# Student visa?



## naughtystudent (Dec 5, 2013)

Hello im gonna be on a student visa and i have heard that you can only work 40 hours a month in total, What would happen if i worked over that ? 
How would they know? 

I know someone that has his wage slips changed so he looks like 40 hours a fortnight but at a higher wage but really does 35 hours a week .. and they havent been caught out


----------



## chilgerm (Nov 28, 2013)

hi, 
On student visa you are allowed to work 40 hours per fortnight (20hr/week). If they find out you are doing more than that you will be breaching the visa conditions and they could cancel your visa on those grounds. Lots of ways to find out, they audit companies on regular basis, they will have your tax assessments too, there are probably more ways i don't know.
You will always hear/know someone who's being able to dodge the system (cash in hands etc) but I would never ever recommend anyone to do that.


----------



## CollegeGirl (Nov 10, 2012)

You are definitely not going to get any recommendations to commit migration fraud on this forum. Don't work more than your visa permits.


----------



## PR.Soon (Jul 12, 2012)

Hahaha I love the question in combination with the username! 
Living up to the name


----------



## Valentine1981 (Sep 13, 2012)

they could find out if someone reports you. Yes there are people who have got away with it,however I can tell you I've already reported someone this year for doing exactly what you are suggesting. I've followed the rules for almost 4 years so I am more than happy to make a phone call to tell immigration where to find the people who don't. As CollegeGirl says,you will not find anyone on this forum who will support migration fraud/breaching the conditions of your visa.


----------



## Engaus (Nov 7, 2013)

Immigration are working closer than ever with the ATO to catch people working more hours than allowed.


----------



## naughtystudent (Dec 5, 2013)

Just asking because I know people who are on the student visa and have worked more than the set hours and haven't been caught and have even completed there course. 
So they have got away with it  
Even rang an immigration lawyer and they said trees no way they can find out unless someone Dobs you in or if immigration look into you !!?


----------



## tulauras (Sep 1, 2013)

Well, yes, they won't find out unless a) they check or b) someone tells them. That hardly means they won't find out. It also means that you're constantly vulnerable to someone threatening to dob on you, you can be exploited at work because you can't complain, you could lose your job at any stage. You're also massively sacrificing your education if you work more than 20 hours a week and study at the same time. 

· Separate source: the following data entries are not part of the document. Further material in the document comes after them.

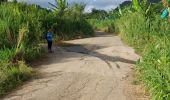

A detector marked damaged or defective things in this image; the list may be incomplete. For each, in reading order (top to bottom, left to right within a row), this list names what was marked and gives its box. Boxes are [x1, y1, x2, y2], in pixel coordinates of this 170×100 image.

cracked asphalt road [2, 31, 149, 99]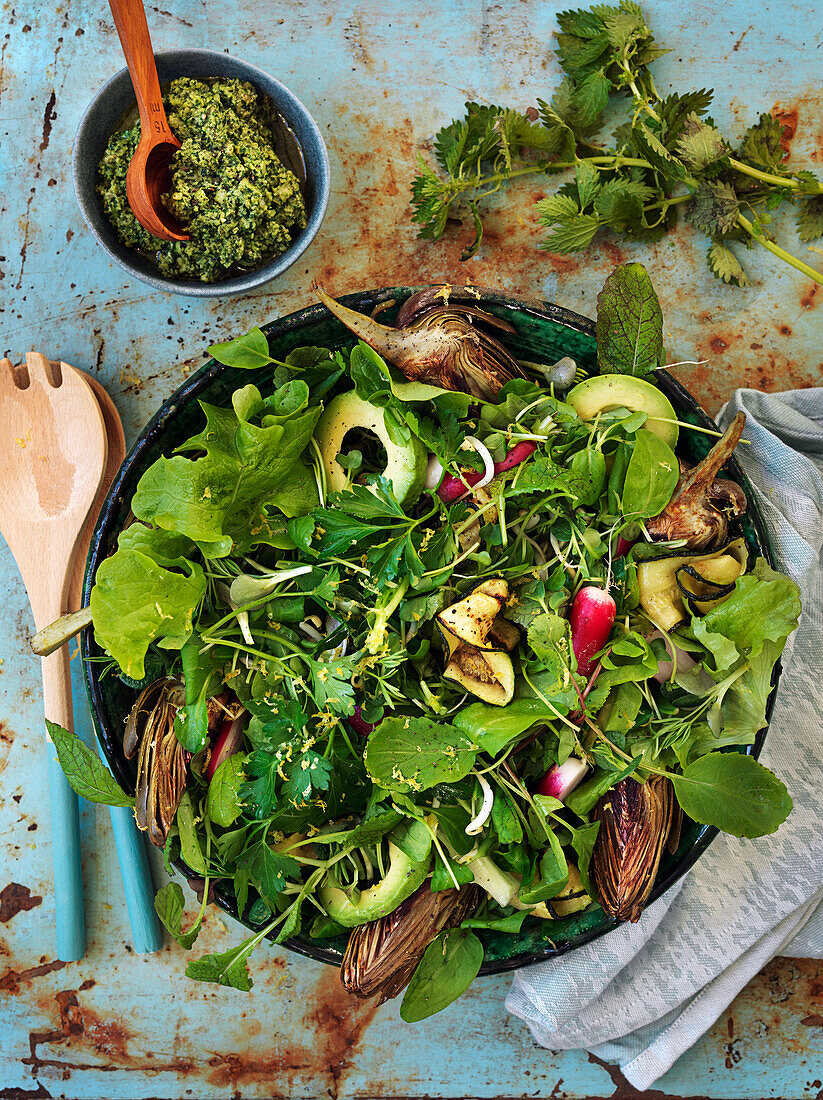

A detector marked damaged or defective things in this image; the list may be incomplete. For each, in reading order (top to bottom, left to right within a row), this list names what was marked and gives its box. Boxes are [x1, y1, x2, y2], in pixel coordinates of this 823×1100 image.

rust stain [0, 880, 42, 924]
rust stain [0, 963, 66, 998]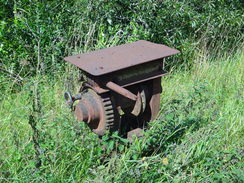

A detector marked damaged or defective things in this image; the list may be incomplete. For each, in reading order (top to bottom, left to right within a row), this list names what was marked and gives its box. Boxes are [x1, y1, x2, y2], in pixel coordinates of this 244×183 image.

rusty metal machine [63, 40, 180, 137]
rusty metal housing [64, 40, 179, 137]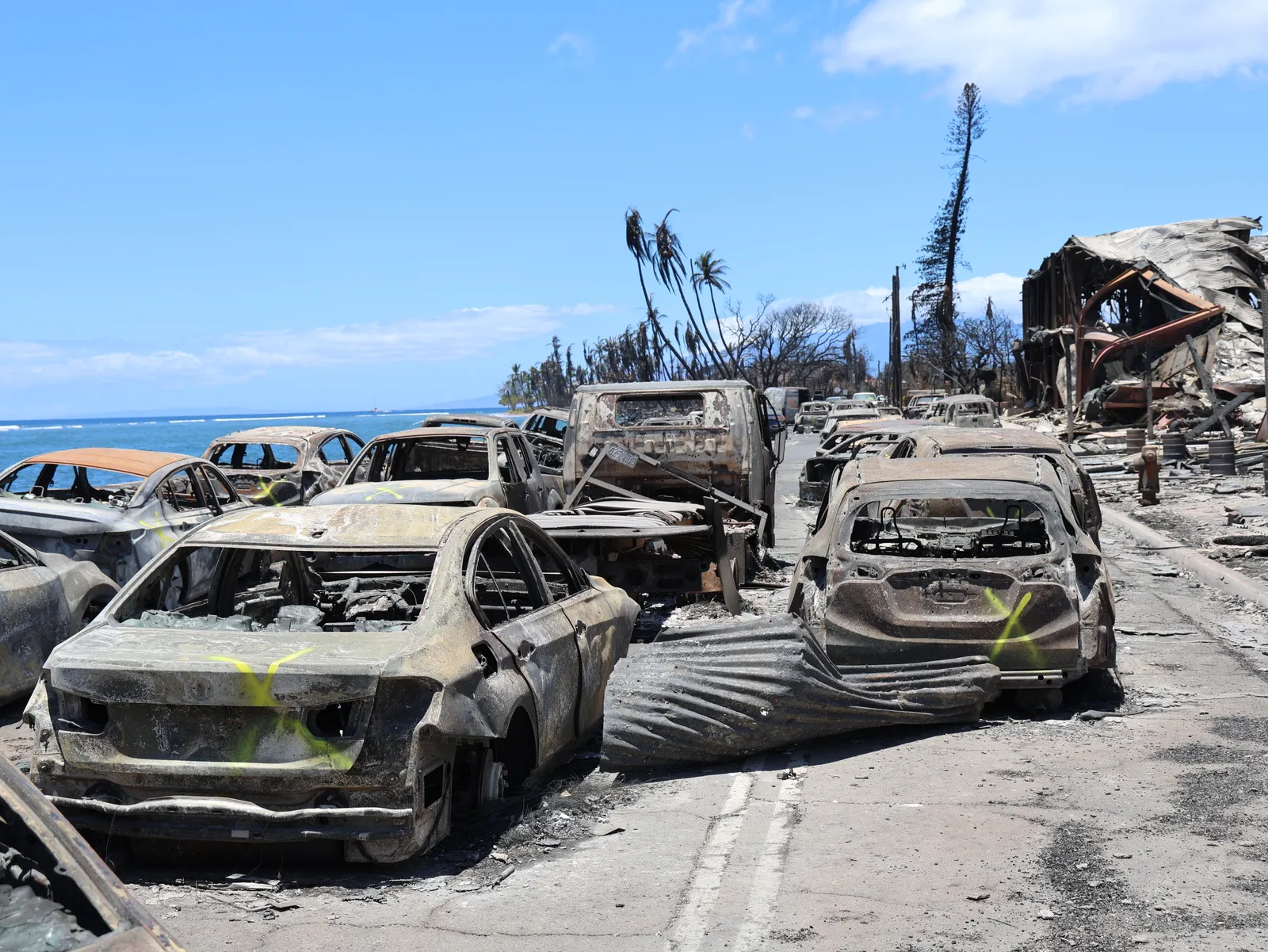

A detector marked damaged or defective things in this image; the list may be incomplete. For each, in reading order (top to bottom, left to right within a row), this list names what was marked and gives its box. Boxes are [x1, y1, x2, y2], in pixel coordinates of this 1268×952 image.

damaged warehouse structure [1019, 218, 1268, 426]
crumpled metal roofing [1065, 218, 1262, 329]
burnt car [0, 532, 117, 705]
charred car body [0, 530, 118, 709]
burnt car hood [0, 494, 135, 540]
broken windshield opening [0, 464, 141, 507]
burnt car [0, 449, 248, 588]
charred car body [0, 451, 248, 593]
burnt sedan [0, 451, 248, 593]
rusted car frame [0, 445, 250, 588]
burnt car hood [47, 626, 406, 709]
broken windshield opening [120, 550, 436, 633]
burnt sedan [201, 423, 362, 507]
charred car body [200, 428, 365, 507]
burnt car [200, 428, 365, 509]
rusted car frame [200, 428, 365, 509]
burnt car [27, 507, 644, 862]
burnt sedan [27, 507, 644, 862]
charred car body [27, 507, 644, 862]
rusted car frame [27, 507, 644, 862]
burnt car hood [311, 479, 489, 509]
broken windshield opening [352, 438, 489, 484]
burnt car [309, 426, 558, 514]
burnt sedan [309, 426, 558, 514]
rusted car frame [311, 423, 560, 514]
charred car body [311, 426, 560, 514]
broken windshield opening [613, 392, 705, 426]
rusted metal panel [598, 614, 994, 770]
crumpled metal roofing [601, 614, 999, 770]
burnt car [791, 400, 831, 433]
broken windshield opening [852, 499, 1049, 557]
burnt car [786, 458, 1116, 709]
charred car body [786, 458, 1116, 709]
rusted car frame [786, 458, 1116, 709]
burnt sedan [786, 456, 1116, 714]
charred truck cab [786, 456, 1116, 714]
burnt car [892, 426, 1100, 542]
charred car body [0, 750, 182, 952]
rusted car frame [0, 750, 184, 952]
burnt car [0, 750, 185, 948]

I had a friend do this, and he didn't get caught, but he was also miserable. Was it worse than being in his home country though?

I guess that you need to weigh the emotional stress of working illegally, breaching your visa conditions and potentially being excluded from Australia against the stress of not having enough money. Ideally, your plan should mean that you don't need to do this, and instead save up enough before you start studying or find a job that pays you well enough that you don't need to work more than you're allowed.


----------



## naughtystudent (Dec 5, 2013)

Valentine1981 said:


> they could find out if someone reports you. Yes there are people who have got away with it,however I can tell you I've already reported someone this year for doing exactly what you are suggesting. I've followed the rules for almost 4 years so I am more than happy to make a phone call to tell immigration where to find the people who don't. As CollegeGirl says,you will not find anyone on this forum who will support migration fraud/breaching the conditions of your visa.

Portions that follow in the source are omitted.